### REQUIREMENT:
Give the lines again exactly as they appear below, from the line with "Nissan X-Trail — фото 15" to the line with "338 Banyan Street, Lake", both included, and only those lines. Leave every picture out.

BEGIN ENTRIES SUPPLIED

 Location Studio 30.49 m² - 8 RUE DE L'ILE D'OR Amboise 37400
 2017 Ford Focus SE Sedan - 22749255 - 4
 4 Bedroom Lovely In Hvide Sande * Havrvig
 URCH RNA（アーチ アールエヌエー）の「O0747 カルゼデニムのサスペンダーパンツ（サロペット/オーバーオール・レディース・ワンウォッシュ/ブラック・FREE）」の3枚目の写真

END ENTRIES SUPPLIED
BEGIN ENTRIES SUPPLIED

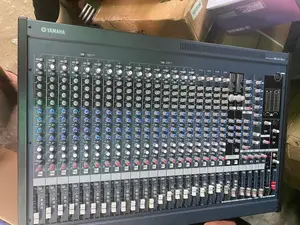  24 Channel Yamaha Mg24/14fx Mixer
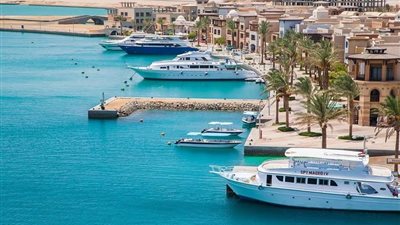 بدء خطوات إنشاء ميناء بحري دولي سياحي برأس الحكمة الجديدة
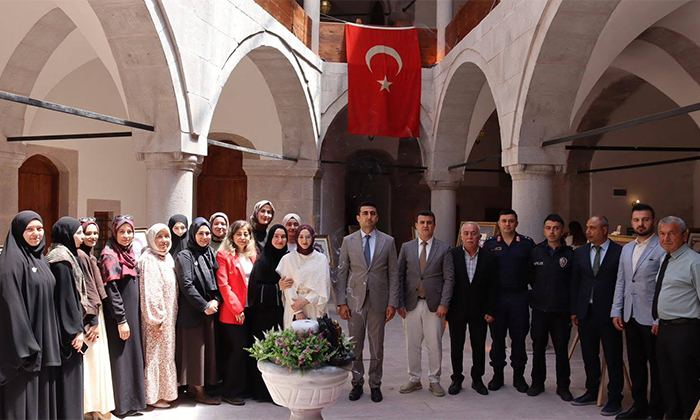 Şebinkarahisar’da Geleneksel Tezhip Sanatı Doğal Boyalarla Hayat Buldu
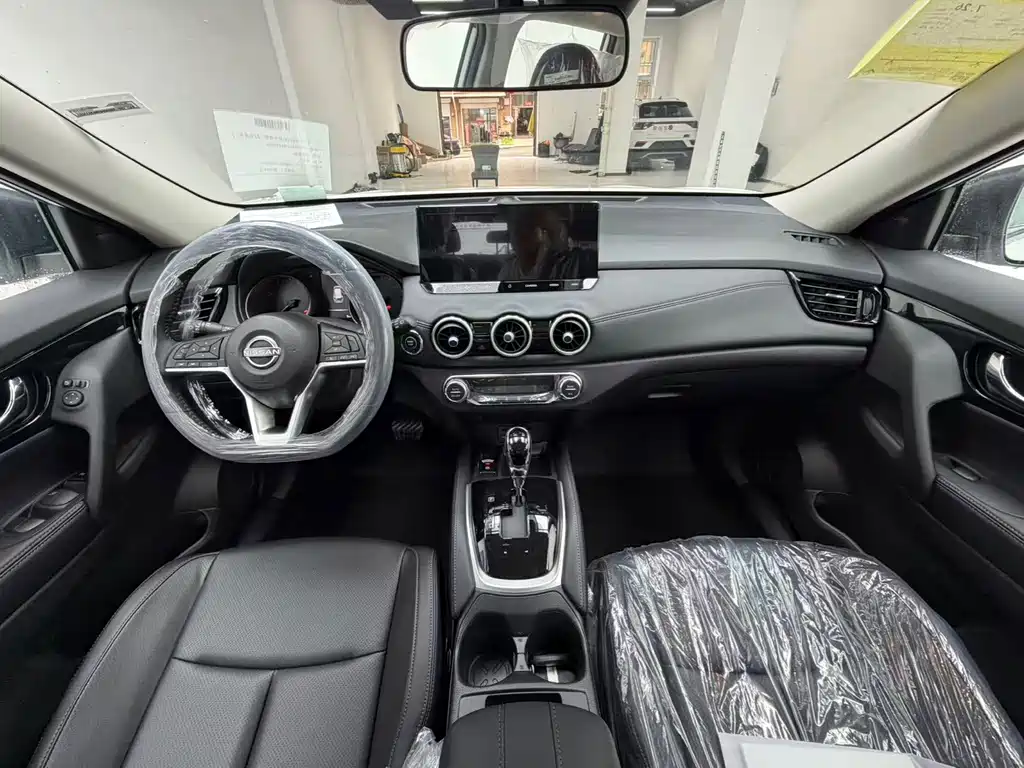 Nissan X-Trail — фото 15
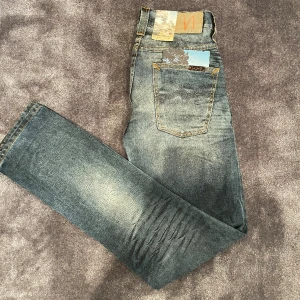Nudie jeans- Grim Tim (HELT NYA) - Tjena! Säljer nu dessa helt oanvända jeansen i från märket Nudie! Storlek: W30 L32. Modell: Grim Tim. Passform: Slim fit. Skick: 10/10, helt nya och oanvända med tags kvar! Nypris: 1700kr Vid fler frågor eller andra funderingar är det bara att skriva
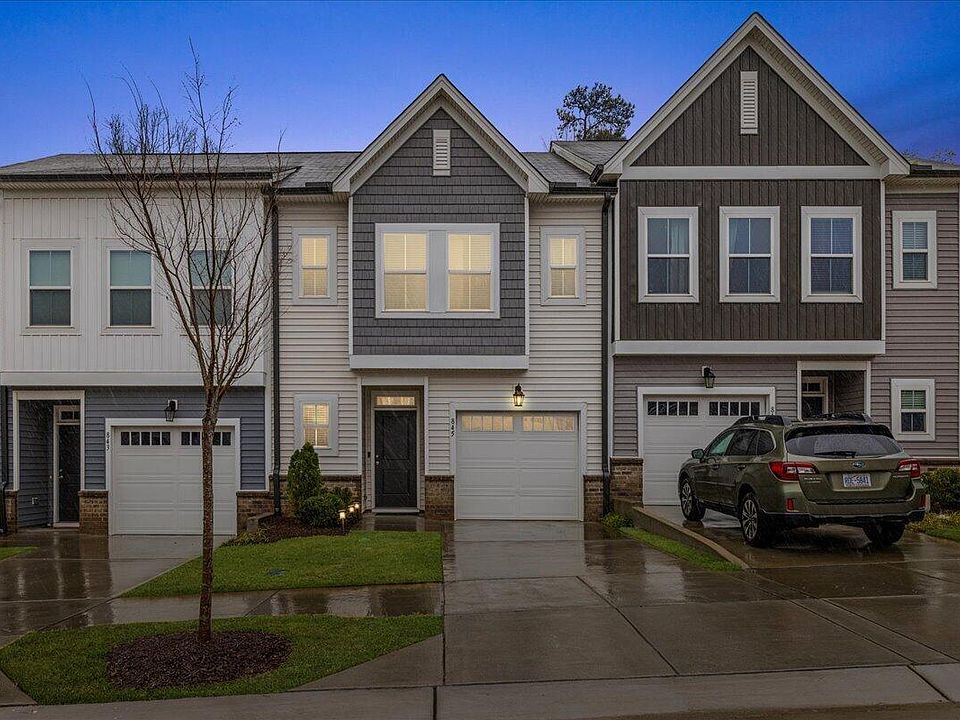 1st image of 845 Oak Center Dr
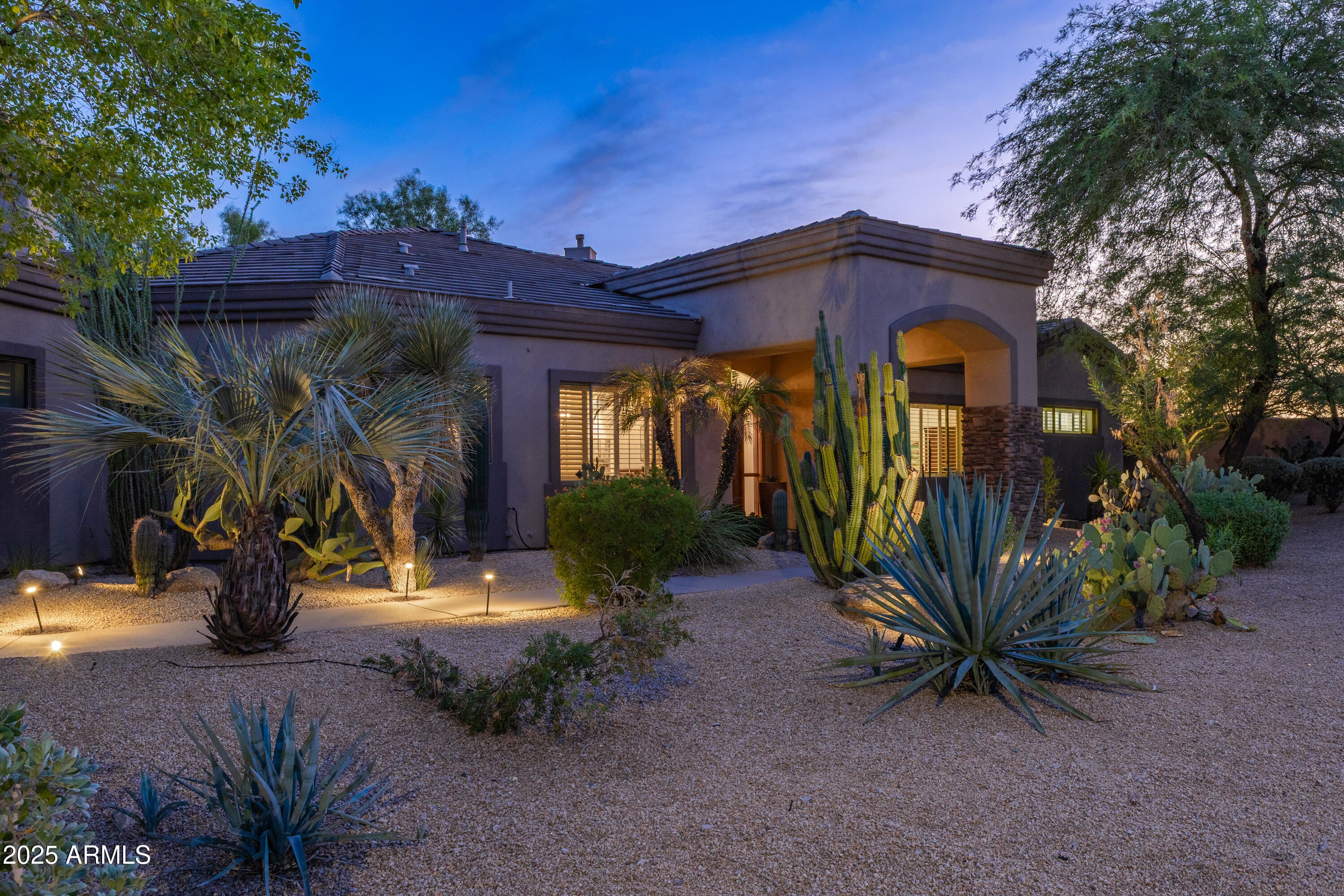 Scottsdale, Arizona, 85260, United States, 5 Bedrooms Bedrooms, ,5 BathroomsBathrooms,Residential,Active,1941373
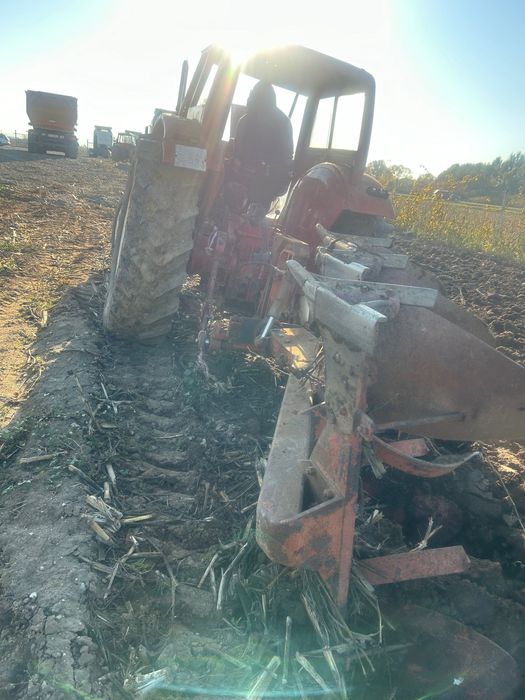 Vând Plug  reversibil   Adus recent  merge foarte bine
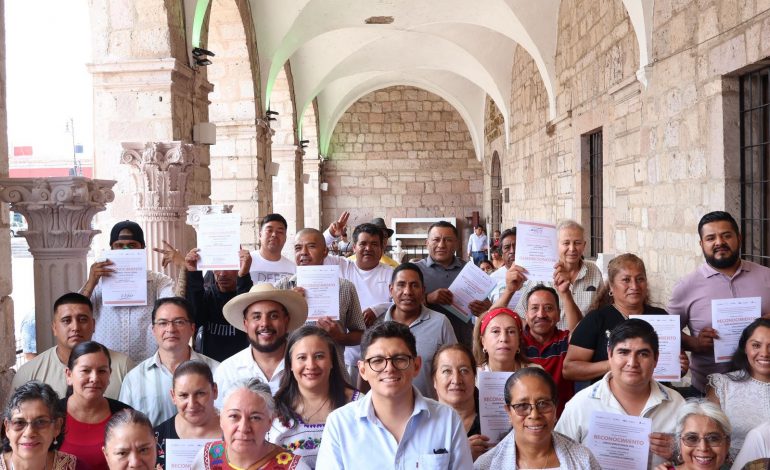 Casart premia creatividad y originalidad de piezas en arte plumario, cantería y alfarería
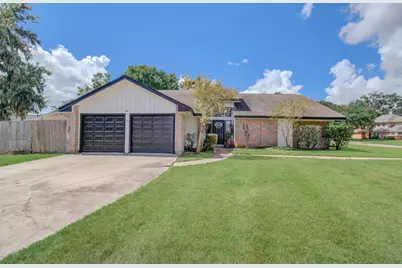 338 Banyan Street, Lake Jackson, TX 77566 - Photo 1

END ENTRIES SUPPLIED

### ANSWER SPACE:
 Nissan X-Trail — фото 15
Nudie jeans- Grim Tim (HELT NYA) - Tjena! Säljer nu dessa helt oanvända jeansen i från märket Nudie! Storlek: W30 L32. Modell: Grim Tim. Passform: Slim fit. Skick: 10/10, helt nya och oanvända med tags kvar! Nypris: 1700kr Vid fler frågor eller andra funderingar är det bara att skriva
 1st image of 845 Oak Center Dr
 Scottsdale, Arizona, 85260, United States, 5 Bedrooms Bedrooms, ,5 BathroomsBathrooms,Residential,Active,1941373
 Vând Plug  reversibil   Adus recent  merge foarte bine
 Casart premia creatividad y originalidad de piezas en arte plumario, cantería y alfarería
 338 Banyan Street, Lake Jackson, TX 77566 - Photo 1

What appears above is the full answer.